One of the perks of my role as bringer of the extra proverbial bacon this month has been Simon's chipper acceptance of his role as serf in my fiefdom. Vassal, I guess, would be more accurate, since he retains his basic freedom to roam about the countryside and he primarily exerts himself not in plowing my land (heh) or relocating stone walls but in various knightly duties, including making her majesty's dinner and preparing her majesty's nonalcoholic cocktail. (Hi, we have about a hundred Meyer lemons on our tree.)


I'm a lucky girl, and it's been a while since my good fortune has fallen under such bright illumination that I have to stop for a second and pinch myself. While I've been burning the midnight oil, Simon has been making dinner (and praying over it?), doing dishes, folding laundry, unpacking boxes, and going to the grocery store with orders to buy twenty boxes of granola bars and nothing else, which might be even more embarassing than buying tampons. I've been making demands--apologetically--and he has stepped up with grace. This is nothing new, as he is one of the most polite and generous and helpful people I've ever met, but what struck me today is that we have a true partnership the likes of which I've never before experienced. See, Simon helps me out when I need it, and then I get to help him out when he needs it. How novel! When he has hours of extra work, I make dinners and cocktails and beds too, and *bonus* I do it all without resentment or a shot of self-involved martyrdom because I know he does the same for me. In a previous relationship, I was the one who always shored up the crumbling foundation of the other person; I thought we "worked" because I was the stable force to steady his instability. Well, let me tell you that this is not an ideal set-up. Resentment creeps in, fatigue takes over, and there is exactly zero opportunity for the "stable" one to show the least sign of weakness lest the entire tower pancake down upon itself. Simon and I are not like that. Simon and I work because we support each other.
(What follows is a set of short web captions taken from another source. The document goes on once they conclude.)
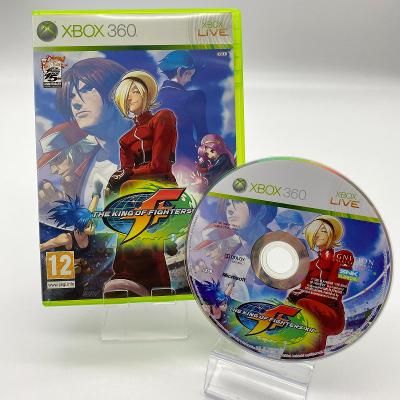 The King of Fighters XII (Xbox 360)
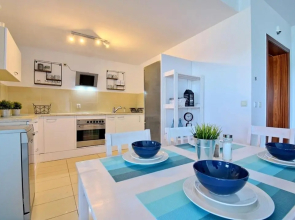 Apartament plażowy Ukiel
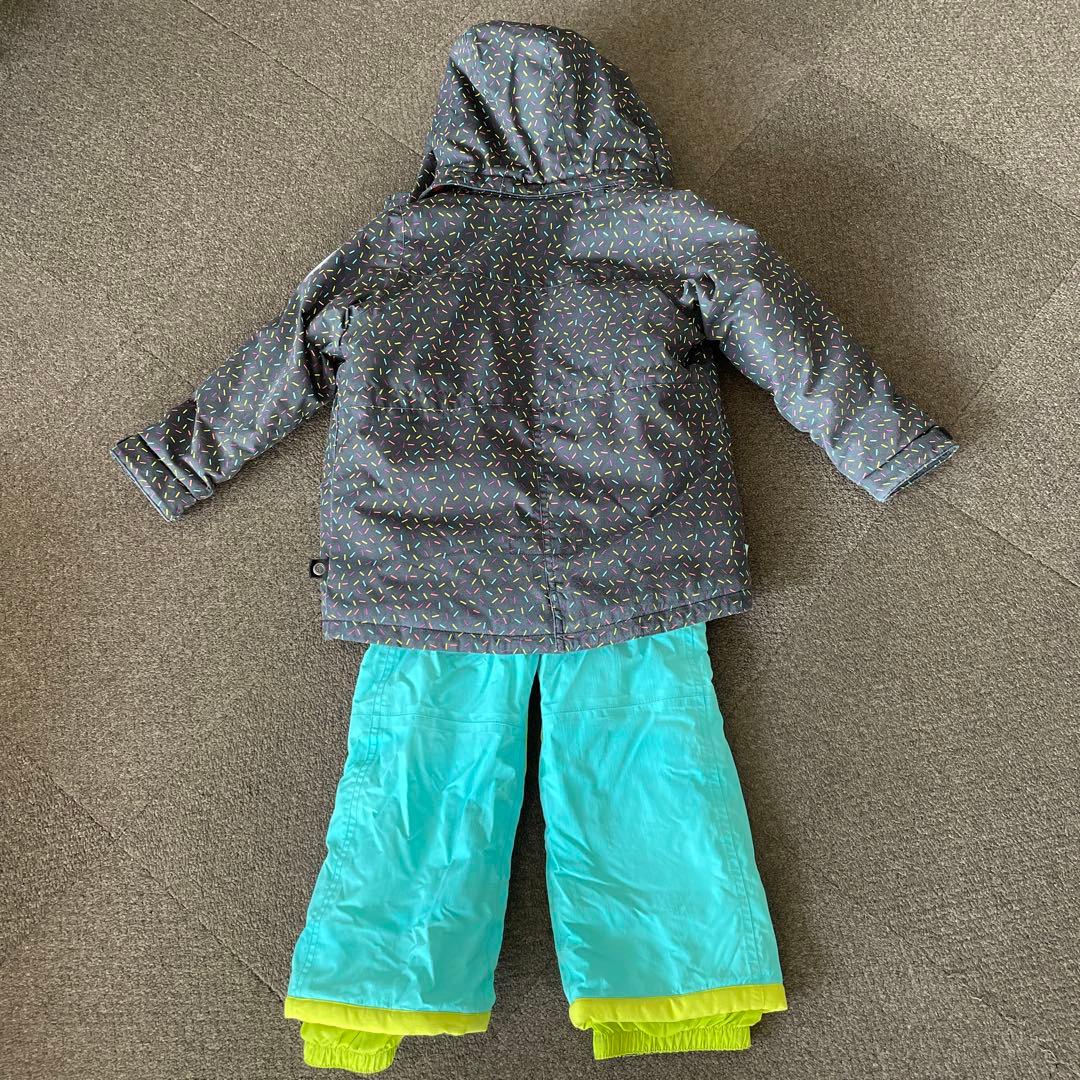キッズ　スノーボードウエア　BURTON 4T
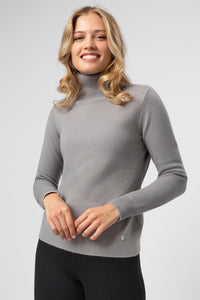 KnitLine Rollkragenpullover Talia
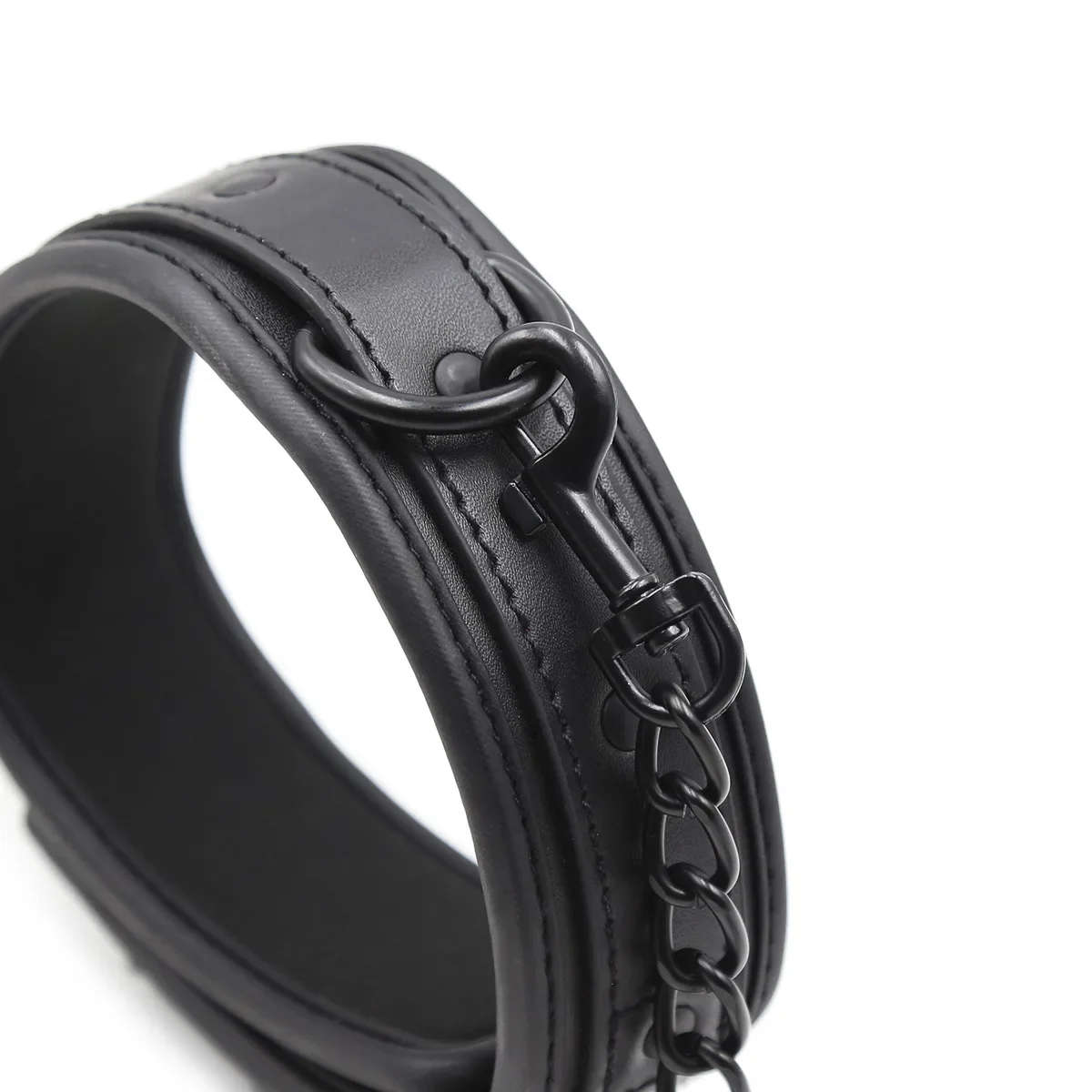 Bdsm Bondage Collar Set For Adults Erotic Games Kit_voghion.com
We're in this together and I am so incredibly fortunate to have found (and forged and cultivated) something so solid.

I didn't start this out to get all mushy, but I can hear him in the kitchen right now shredding the romaine and I just had to tell you how in love I am.

Posted by Leah at July 24, 2007 08:07 PM
Comments

I like to think of myself as very stable and in control, etc, but whenever I just really get swamped and can't get anything done or just am a total emotional wreck, I am SO glad not to have married some of my previous boyfriends who I know who not have stepped up and done the laundry or made dinner or cleaned the bathroom. It really is all about having a partnership where you know that the other person is there to pick up your slack when you need it most and that you're more than happy to do the same for them.

Long comment to say. . .I completely agree with everything you just said so eloquently. Have a wonderful time at Blogher.

Posted by: Janssen at July 25, 2007 07:37 AM

You guys warm my heart and make me smile. Have a super weekend!

Posted by: Angella at July 25, 2007 08:06 AM

*squish*!

Posted by: Emily at July 25, 2007 08:37 AM

A lovely post.

Mike

Posted by: cry it out1 at July 25, 2007 09:41 AM

A lovely post.

Mike

Posted by: cry it out! at July 25, 2007 09:41 AM

So glad that you are so in love. Ain't it grand?

Posted by: Elizabeth at July 25, 2007 12:29 PM

You must read insanely fast compared to the general population.

Posted by: Teej at July 25, 2007 12:51 PM

I guess you could say that read fast naturally, but when editing I have to s-l-o-w it way down, reading almost syllable by syllable, in order to catch mistakes. Blessing/curse, etc.

Posted by: Leah at July 25, 2007 01:33 PM

What a sweet post! :) I really enjoy your blog and look forward to reading more!